TASK TO CARRY OUT:
From the entries below, transcribe exactly the lines between the line holding "A young happy" and the line holding "Textured Loose Fit Pants in Green - trousers", inclusive; skip all other lines.

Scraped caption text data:
+ + + + +
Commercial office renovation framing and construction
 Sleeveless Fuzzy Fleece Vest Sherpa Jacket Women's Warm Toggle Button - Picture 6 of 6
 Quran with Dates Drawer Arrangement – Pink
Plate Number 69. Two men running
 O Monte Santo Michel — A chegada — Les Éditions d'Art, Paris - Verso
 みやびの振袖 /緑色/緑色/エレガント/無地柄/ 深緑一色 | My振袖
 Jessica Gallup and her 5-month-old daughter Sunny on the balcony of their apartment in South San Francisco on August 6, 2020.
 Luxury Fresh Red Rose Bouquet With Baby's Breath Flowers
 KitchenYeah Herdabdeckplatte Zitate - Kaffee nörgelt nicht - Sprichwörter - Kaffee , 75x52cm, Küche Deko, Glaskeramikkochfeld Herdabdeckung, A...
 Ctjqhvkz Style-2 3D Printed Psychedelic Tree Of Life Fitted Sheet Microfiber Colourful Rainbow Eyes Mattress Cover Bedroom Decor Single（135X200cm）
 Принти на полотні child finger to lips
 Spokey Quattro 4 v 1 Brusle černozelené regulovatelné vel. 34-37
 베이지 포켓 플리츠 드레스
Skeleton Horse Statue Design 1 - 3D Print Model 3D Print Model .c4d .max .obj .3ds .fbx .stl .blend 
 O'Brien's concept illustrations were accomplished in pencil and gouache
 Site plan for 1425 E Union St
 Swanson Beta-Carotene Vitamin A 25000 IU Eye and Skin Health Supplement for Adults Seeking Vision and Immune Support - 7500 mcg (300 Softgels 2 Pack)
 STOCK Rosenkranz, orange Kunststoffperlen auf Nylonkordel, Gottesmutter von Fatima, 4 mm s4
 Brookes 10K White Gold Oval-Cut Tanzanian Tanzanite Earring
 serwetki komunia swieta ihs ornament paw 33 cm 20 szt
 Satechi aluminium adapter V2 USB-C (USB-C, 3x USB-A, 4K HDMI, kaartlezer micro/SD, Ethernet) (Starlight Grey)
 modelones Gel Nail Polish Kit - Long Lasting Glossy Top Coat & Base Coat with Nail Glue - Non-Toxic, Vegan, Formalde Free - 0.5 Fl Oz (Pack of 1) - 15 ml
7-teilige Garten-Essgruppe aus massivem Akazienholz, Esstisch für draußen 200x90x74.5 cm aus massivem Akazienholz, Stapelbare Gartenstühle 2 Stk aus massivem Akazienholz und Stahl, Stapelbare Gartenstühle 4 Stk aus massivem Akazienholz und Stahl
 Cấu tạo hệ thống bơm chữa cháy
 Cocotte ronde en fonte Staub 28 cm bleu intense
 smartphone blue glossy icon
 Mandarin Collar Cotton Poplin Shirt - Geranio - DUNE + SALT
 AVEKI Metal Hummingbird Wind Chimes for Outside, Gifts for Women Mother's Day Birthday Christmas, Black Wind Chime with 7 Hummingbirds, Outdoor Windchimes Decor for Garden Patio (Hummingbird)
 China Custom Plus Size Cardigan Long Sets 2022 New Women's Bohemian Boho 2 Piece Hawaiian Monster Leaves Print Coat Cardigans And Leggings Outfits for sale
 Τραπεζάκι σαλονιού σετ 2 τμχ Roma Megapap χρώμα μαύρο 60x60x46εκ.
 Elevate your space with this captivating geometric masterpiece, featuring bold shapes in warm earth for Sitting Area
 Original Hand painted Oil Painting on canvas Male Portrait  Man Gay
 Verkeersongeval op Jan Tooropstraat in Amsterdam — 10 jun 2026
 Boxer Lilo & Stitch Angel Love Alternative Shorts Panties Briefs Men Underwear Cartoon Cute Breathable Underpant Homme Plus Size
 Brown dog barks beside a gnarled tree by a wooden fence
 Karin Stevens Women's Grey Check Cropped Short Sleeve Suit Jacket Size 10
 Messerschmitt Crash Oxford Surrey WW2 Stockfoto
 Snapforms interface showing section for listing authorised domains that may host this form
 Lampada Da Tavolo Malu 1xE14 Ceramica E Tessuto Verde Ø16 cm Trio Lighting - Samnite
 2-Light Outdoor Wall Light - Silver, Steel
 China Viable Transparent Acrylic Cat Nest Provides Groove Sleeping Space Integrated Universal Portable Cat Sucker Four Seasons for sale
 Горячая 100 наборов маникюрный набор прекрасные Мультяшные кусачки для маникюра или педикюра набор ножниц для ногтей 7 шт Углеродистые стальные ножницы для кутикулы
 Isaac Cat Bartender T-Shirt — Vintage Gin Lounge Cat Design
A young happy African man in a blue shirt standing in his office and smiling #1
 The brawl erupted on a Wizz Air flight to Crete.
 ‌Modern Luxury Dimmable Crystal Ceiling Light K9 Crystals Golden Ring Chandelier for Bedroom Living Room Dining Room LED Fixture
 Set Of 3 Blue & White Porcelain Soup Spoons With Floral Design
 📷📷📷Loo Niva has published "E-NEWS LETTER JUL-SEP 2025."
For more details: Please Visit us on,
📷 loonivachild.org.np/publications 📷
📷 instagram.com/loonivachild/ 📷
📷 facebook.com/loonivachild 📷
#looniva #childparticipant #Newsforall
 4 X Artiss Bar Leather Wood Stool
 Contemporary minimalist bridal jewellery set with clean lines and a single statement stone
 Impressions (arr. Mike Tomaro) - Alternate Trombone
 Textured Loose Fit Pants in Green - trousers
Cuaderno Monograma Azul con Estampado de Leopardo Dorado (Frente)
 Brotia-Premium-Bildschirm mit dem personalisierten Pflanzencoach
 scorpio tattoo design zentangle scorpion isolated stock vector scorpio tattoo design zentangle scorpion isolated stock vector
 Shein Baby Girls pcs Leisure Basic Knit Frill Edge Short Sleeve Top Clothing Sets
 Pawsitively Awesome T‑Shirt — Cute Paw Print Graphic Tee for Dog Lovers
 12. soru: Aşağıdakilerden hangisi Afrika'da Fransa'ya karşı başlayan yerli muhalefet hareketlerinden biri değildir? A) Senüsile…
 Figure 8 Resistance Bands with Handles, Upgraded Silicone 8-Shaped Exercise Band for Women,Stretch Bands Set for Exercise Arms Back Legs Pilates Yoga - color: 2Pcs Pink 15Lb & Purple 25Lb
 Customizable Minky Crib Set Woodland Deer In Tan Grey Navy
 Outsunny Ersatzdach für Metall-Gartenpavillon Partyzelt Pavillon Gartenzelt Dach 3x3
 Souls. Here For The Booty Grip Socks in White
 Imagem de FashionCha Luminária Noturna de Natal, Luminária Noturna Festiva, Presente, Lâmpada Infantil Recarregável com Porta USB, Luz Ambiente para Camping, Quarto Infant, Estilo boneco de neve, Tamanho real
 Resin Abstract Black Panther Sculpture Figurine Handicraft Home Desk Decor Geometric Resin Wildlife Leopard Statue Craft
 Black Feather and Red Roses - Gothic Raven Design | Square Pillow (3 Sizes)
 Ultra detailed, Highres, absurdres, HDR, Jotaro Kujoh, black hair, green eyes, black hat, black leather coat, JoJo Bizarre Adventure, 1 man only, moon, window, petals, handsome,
+ + + + +
RESPONSE BELOW:
A young happy African man in a blue shirt standing in his office and smiling #1
 The brawl erupted on a Wizz Air flight to Crete.
 ‌Modern Luxury Dimmable Crystal Ceiling Light K9 Crystals Golden Ring Chandelier for Bedroom Living Room Dining Room LED Fixture
 Set Of 3 Blue & White Porcelain Soup Spoons With Floral Design
 📷📷📷Loo Niva has published "E-NEWS LETTER JUL-SEP 2025."
For more details: Please Visit us on,
📷 loonivachild.org.np/publications 📷
📷 instagram.com/loonivachild/ 📷
📷 facebook.com/loonivachild 📷
#looniva #childparticipant #Newsforall
 4 X Artiss Bar Leather Wood Stool
 Contemporary minimalist bridal jewellery set with clean lines and a single statement stone
 Impressions (arr. Mike Tomaro) - Alternate Trombone
 Textured Loose Fit Pants in Green - trousers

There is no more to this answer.